▼

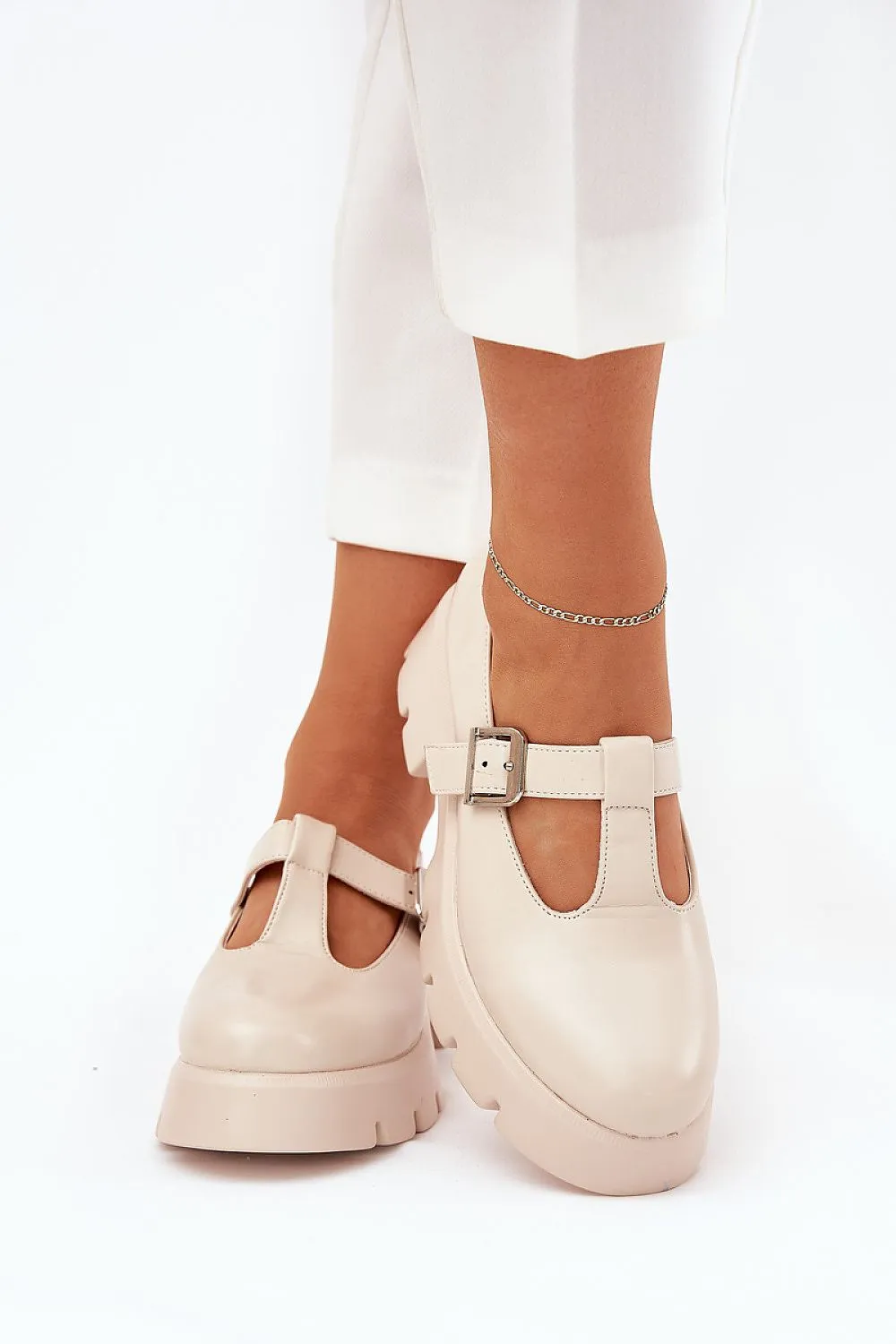 Low Shoes Step in style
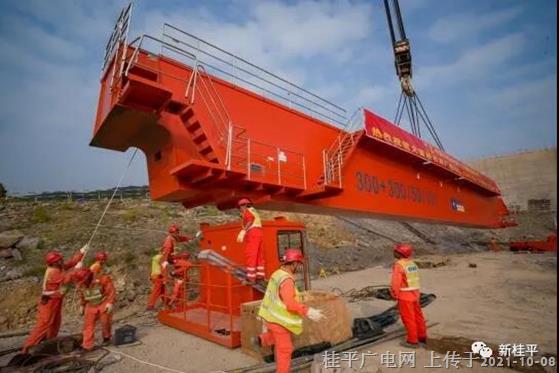 大藤峡水利枢纽：三千工人坚守岗位向祖国母亲献礼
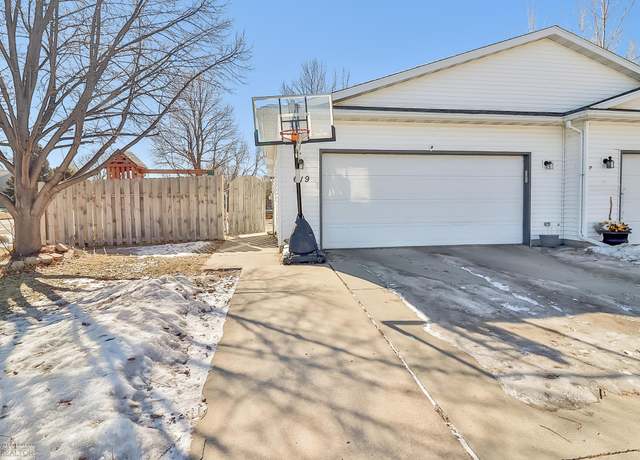 Property at 619 38th Ave S, Moorhead, MN 56560, 3 beds, 2 baths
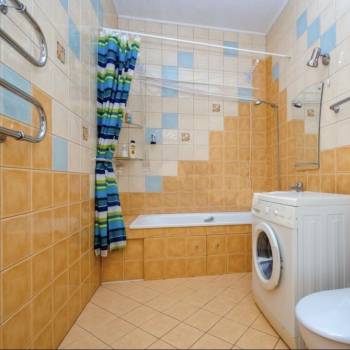 Сдается 1-комнатная квартира, 60 м²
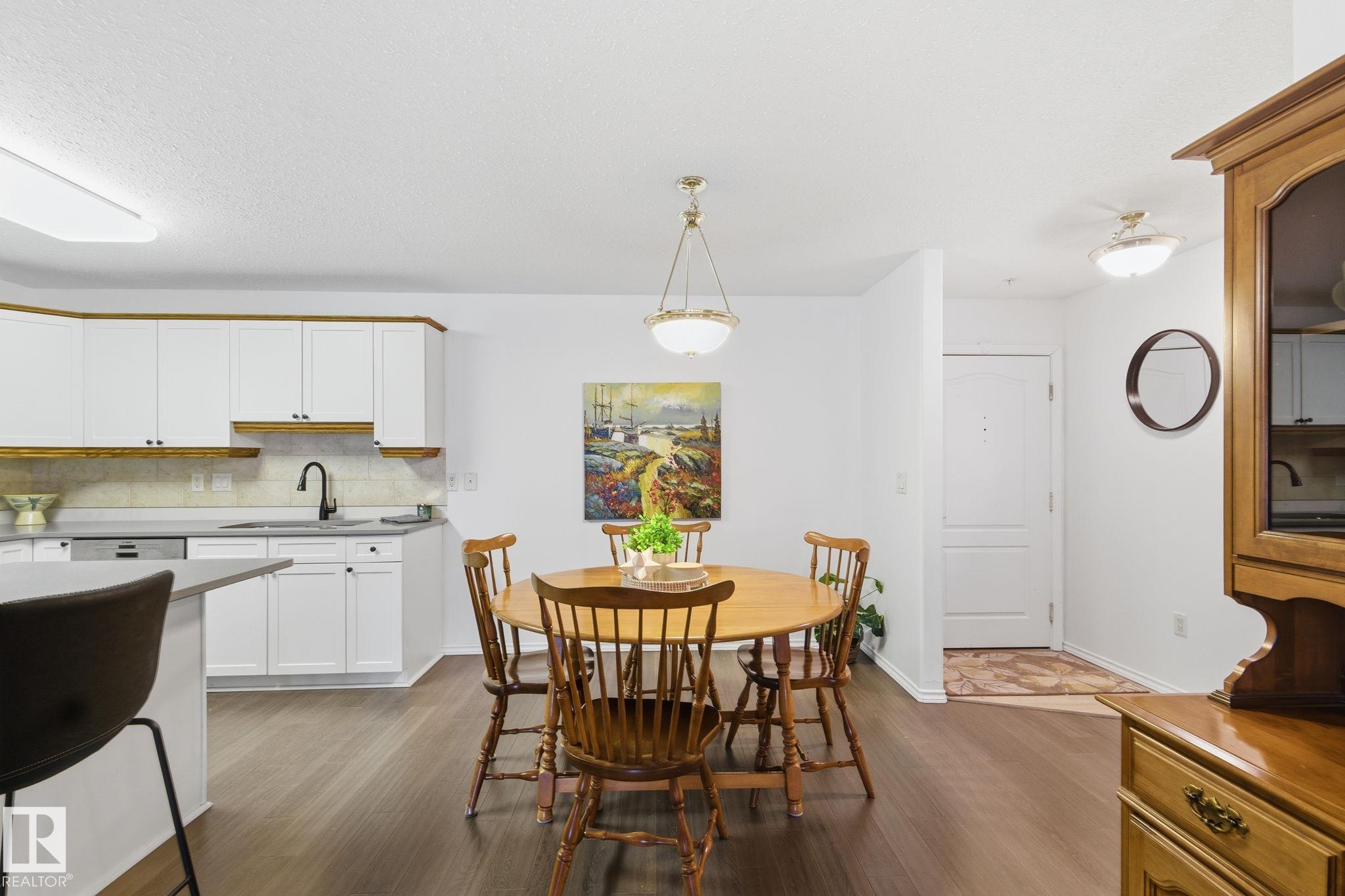 Photo 13 at 106 - 8956 156 Street NW, Meadowlark Park, Edmonton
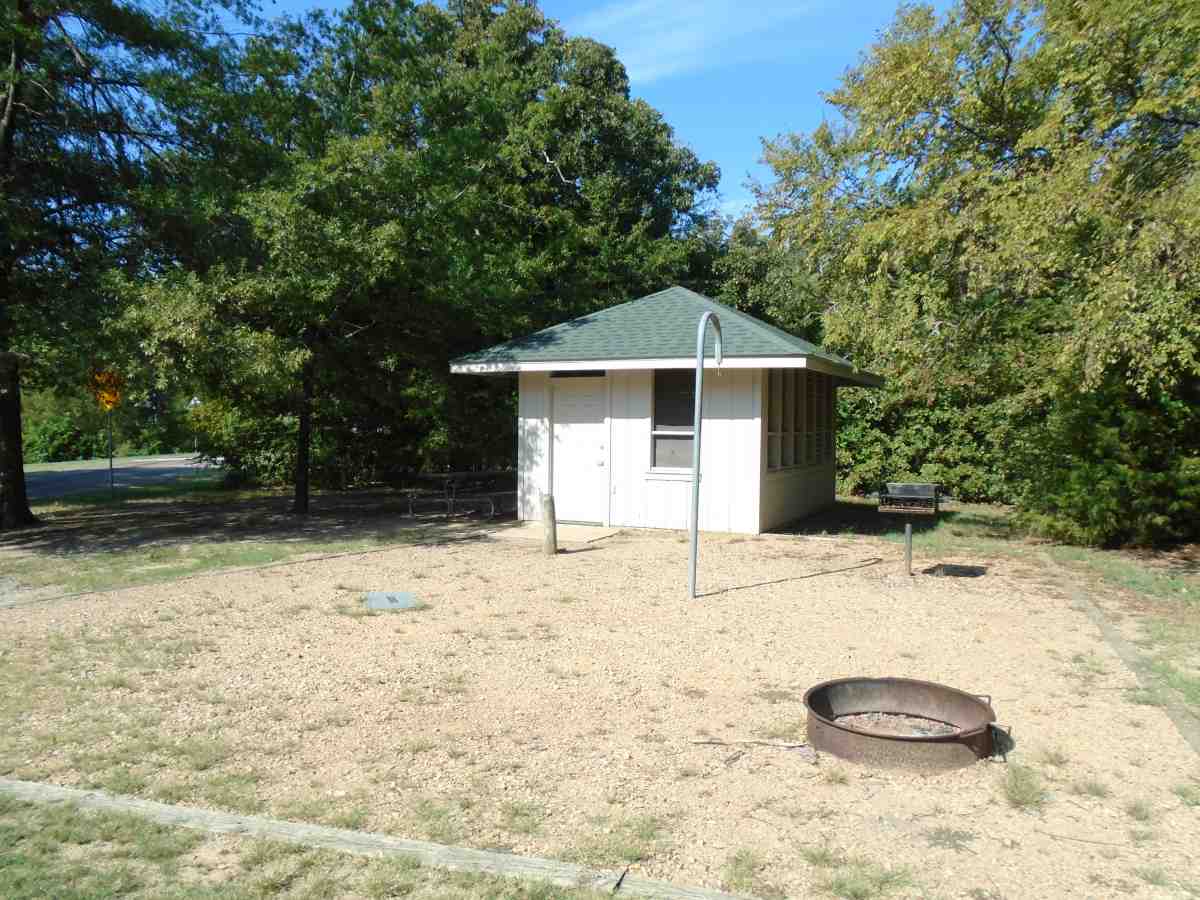 Screened Shelter 6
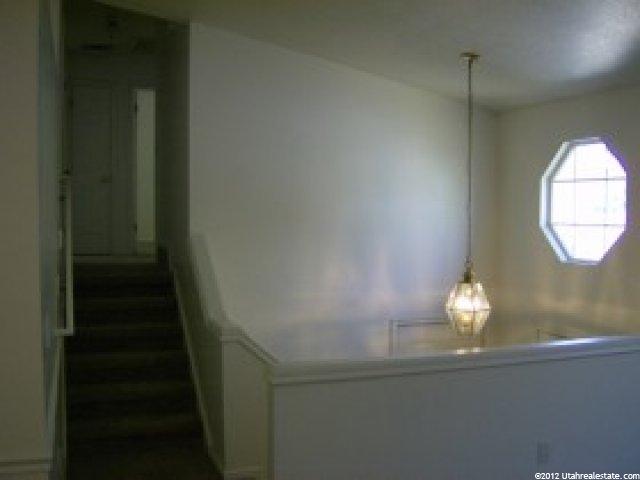 812 Meadow View Dr, Ogden, UT 84404 — photo 4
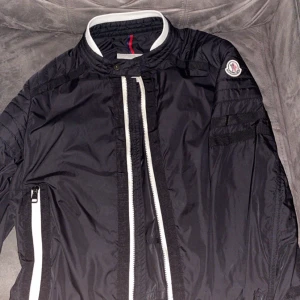 Moncler jacka - Dunder skick, knappt använd, storlek 2/S-M, hör av er vid eventuella frågor 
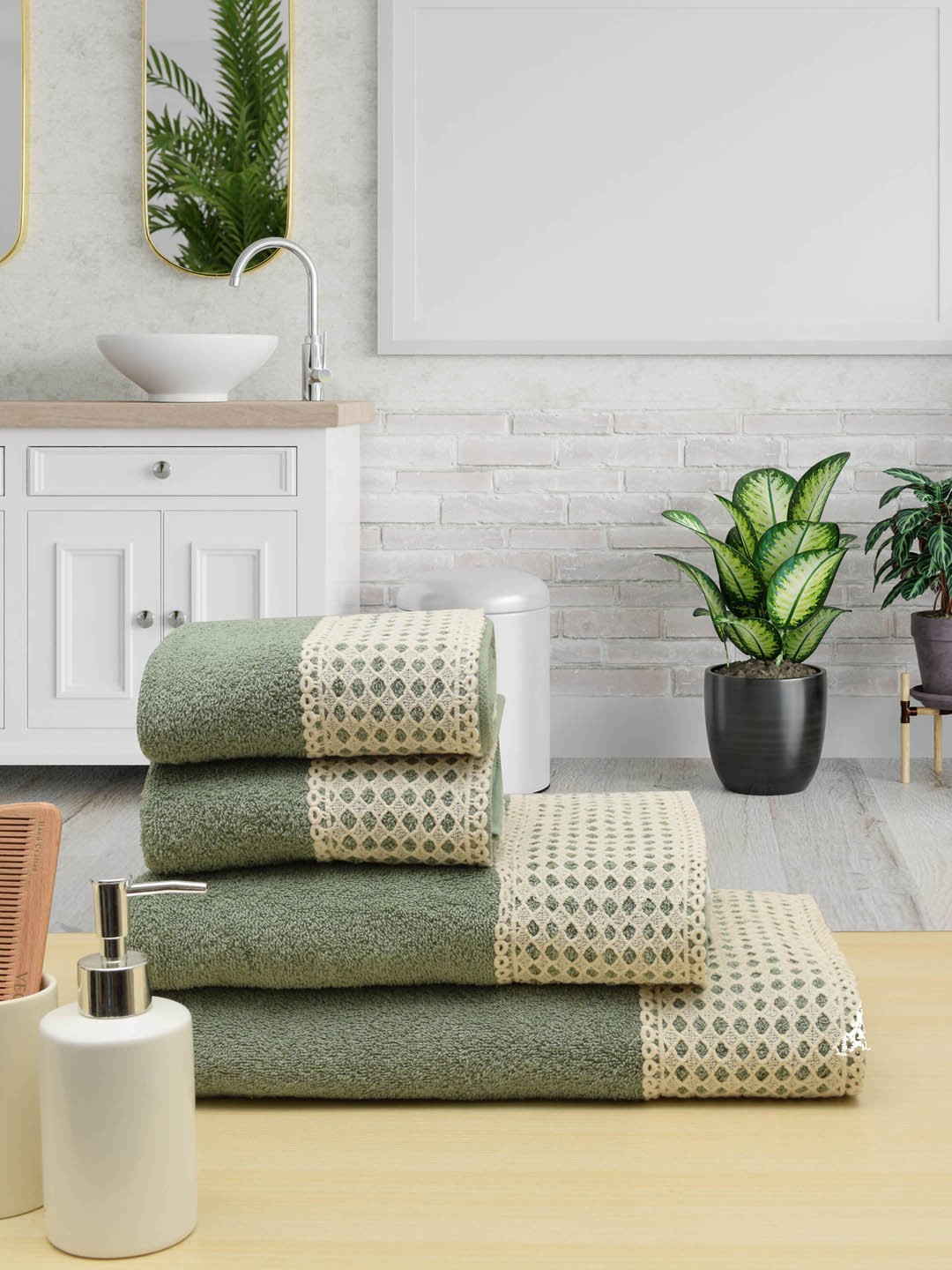 

RANGOLI Set Of 4 Green Alpana Lace 600 GSM Towel Set
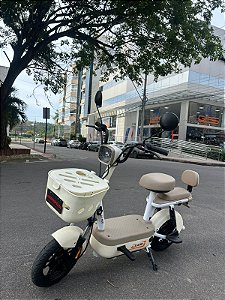 SCOOTER ELÉTRICA AUTOPROPELIDO DUOS BEE 500W 48V COR BEGE/BEGE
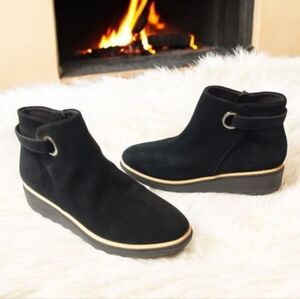 Clarks Women’s Sharon Spring Suede Leather Closed Toe Ankle Boots NWOB Size 8M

▲

> _Required action_
Print exactly the lines above that run from the one with "Property at 619" down to the one with "RANGOLI Set Of", and omit the pictures.

> _Output below_
 Property at 619 38th Ave S, Moorhead, MN 56560, 3 beds, 2 baths
 Сдается 1-комнатная квартира, 60 м²
 Photo 13 at 106 - 8956 156 Street NW, Meadowlark Park, Edmonton
 Screened Shelter 6
 812 Meadow View Dr, Ogden, UT 84404 — photo 4
 Moncler jacka - Dunder skick, knappt använd, storlek 2/S-M, hör av er vid eventuella frågor 

RANGOLI Set Of 4 Green Alpana Lace 600 GSM Towel Set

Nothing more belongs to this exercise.